I was somewhere in my pre-teens when we first got the internet at the house. My dad had a few terminals with acoustic couplers before that, but the first time I truly remember using the internet was after that screech of the dial-up modem. After opening the browser, dad put me in front of the keyboard and told me to go visit a website, any website. Unable to decide where to go and with that bright, empty, white bar staring me in the face, I typed in my first ever URL: nfl.com. I don’t think I’ve ever visited that site since. If you know me today, you know just how ridiculous that is as I’m not, nor have ever been, a fan of American football.
Several years later, I wouldn’t be caught off guard again when I got my own internet-connected machine, a Pentium 133 that was joined up to the Windows NT domain my dad had for all of the machines in the house. We shared an OC3 (155.52 Mbps!) that he’d had hooked up for his business in the garage. I was awash in bandwidth from day one.
Earlier that year I’d found a small TV in a neighbor’s trash. I’d pulled it apart, figured out how to fix it, and from then on had my own TV in my room. After that, I kept the SciFi network in the background pretty much from when I woke up to when I went to sleep. I was obsessed with Farscape, Sliders, MST3K (which dad and I woudl watch every Saturday together), and Quantum Leap. I’d seen the network’s advertisements for their website and this time around, for the first website on my own machine: scifi.com.

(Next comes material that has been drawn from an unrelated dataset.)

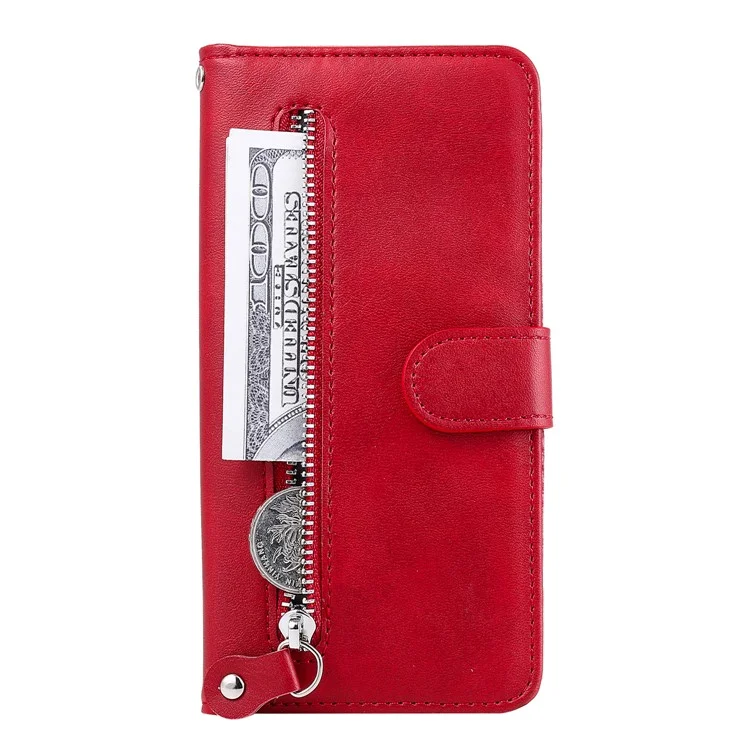 Fashion Zipper Pocket pu le Cuir Portefeuille Couverture de Téléphone Pour Xiaomi Redmi Note 9s / 9 Pro Max / 9 Pro - Rouge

In short order I found their Internet Relay Chat (IRC) server, The Mothership, that had a rudimentary web client. I was once again faced with a blank bar, but this time for a name of my choosing. You would think that I would have learned my lesson the first time, but instead once again, without hesitation, I typed in the first thing that came to mind: Anderson.
Once on the IRC server I found my way to a channel called #bottestlab that had a number of users in it: atlas, foo, janus, shade, and winston to name a few. I may be mixing a few of those up as iterations of the same person, but they were certainly all handles used in the channel at one point or another. This channel would be foundational for all of my interesting in computing, music I enjoyed in my teens, and nerdy sense of humor. Chatting in that channel led me to download mIRC and write some scripts (eggdrops and pokebots) — my first foray into programming. This led to learning C, perl, and python. I would later meet foo in Southern California where he’d give me my first Linux distribution, Slackware, on a set of floppies, but that’s a different story.

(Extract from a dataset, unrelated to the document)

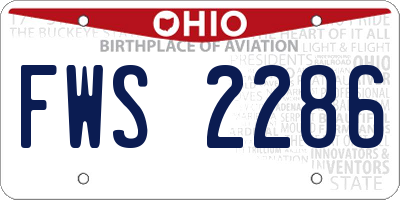 OH license plate FWS2286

I can’t remember who first gave me a hard time for it, but I remember someone in #bottestlab saying that “Anderson” wasn’t much of a handle. As Joey says in Hackers (the cinematic masterpiece): “I need a handle, man. I don’t have an identity until I have a handle.” So I decided to change my name. This time I’d put into the blank bar three letters chosen at random: pfe. They has been the source of many, silly bacronyms since, but from that point forward I was pfe for another 10 or so years.

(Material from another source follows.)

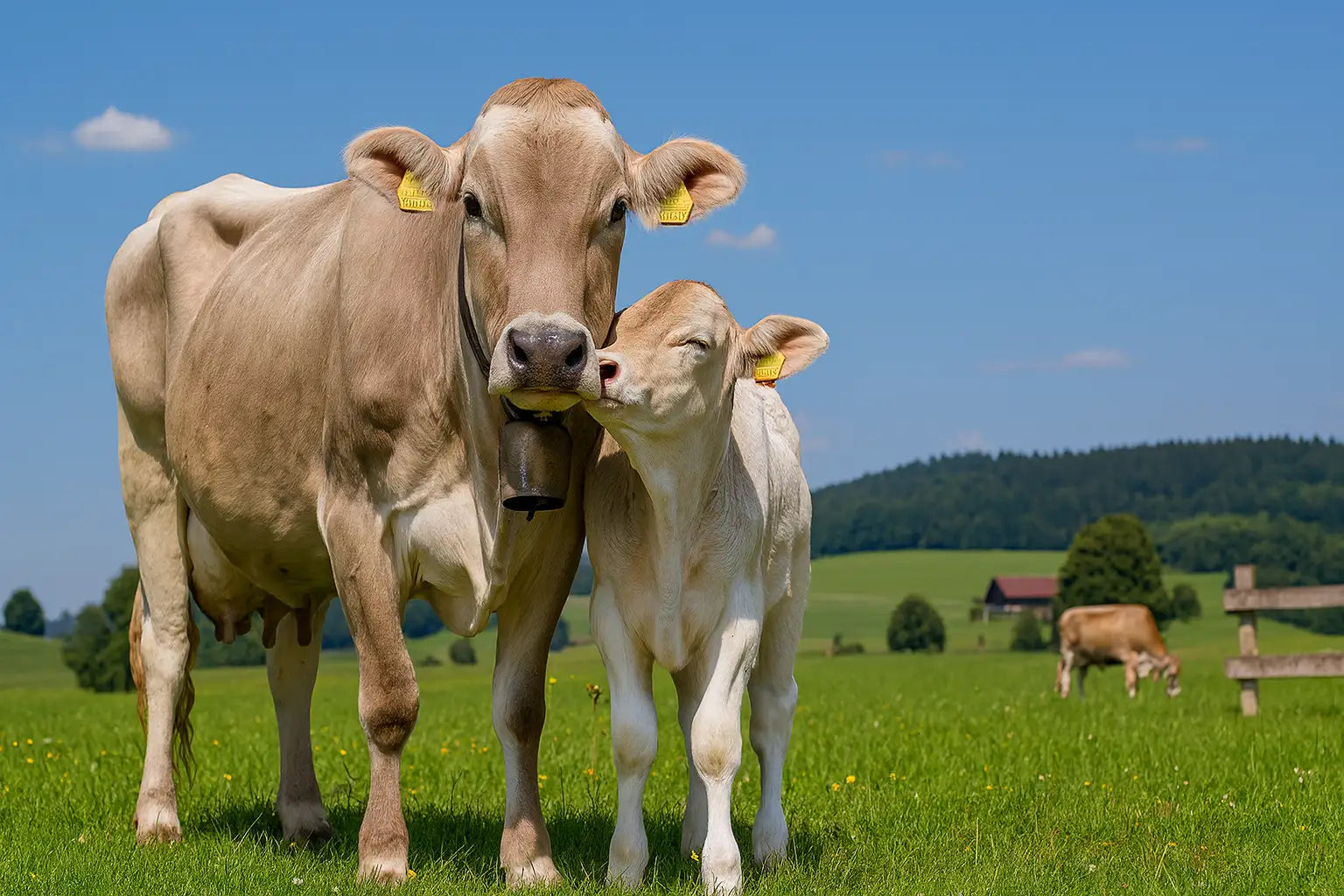 Ein kleines Kalb steht eng bei seiner Braunviehmutter auf einer grünen Weide.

Growing up in Las Vegas and being a young hacker, I attended DEFCON every year and little by little, as I met people I knew from IRC networks (EFNet, DALnet, The Mothership, and eventually Mystic/Foozone/Xelium) or forums, they would address me by my handle, as was more customary in hacker circles then. Since it was odd to say the letters, many started shortening it to “piff-ee” and that stuck as the pronunciation, spreading as I was introduced to others. As my hobbies expanded and I later met people from bicycle and photography forums, some of which crossed over between groups, the pronunciation of “piff-ee” stuck. Fast forward a few years to university and I spent a short spell as a bicycle messenger where “piffey” was all I was ever called over the radio or at the bar and the name was further cemented across social circles.
Sometime during those years I was doing enough explaining of why it was spelled “pfe”, like I’m doing here now, that I started registering “piffey” on major services. I can’t tell you why I chose that spelling, but I can tell you that now 20 years on I won’t be changing it. Today, my social circles are mixed enough that some know me by my given name and some by piffey — I respond to either the same.
And that’s the origin of the name.
While writing this I did some searching for artifacts from those early days and came across PrincessLeia2’s history of some of those IRC servers and users from a different vantage point. I didn’t spend much time in #deep13, but knew a few users that idled in both.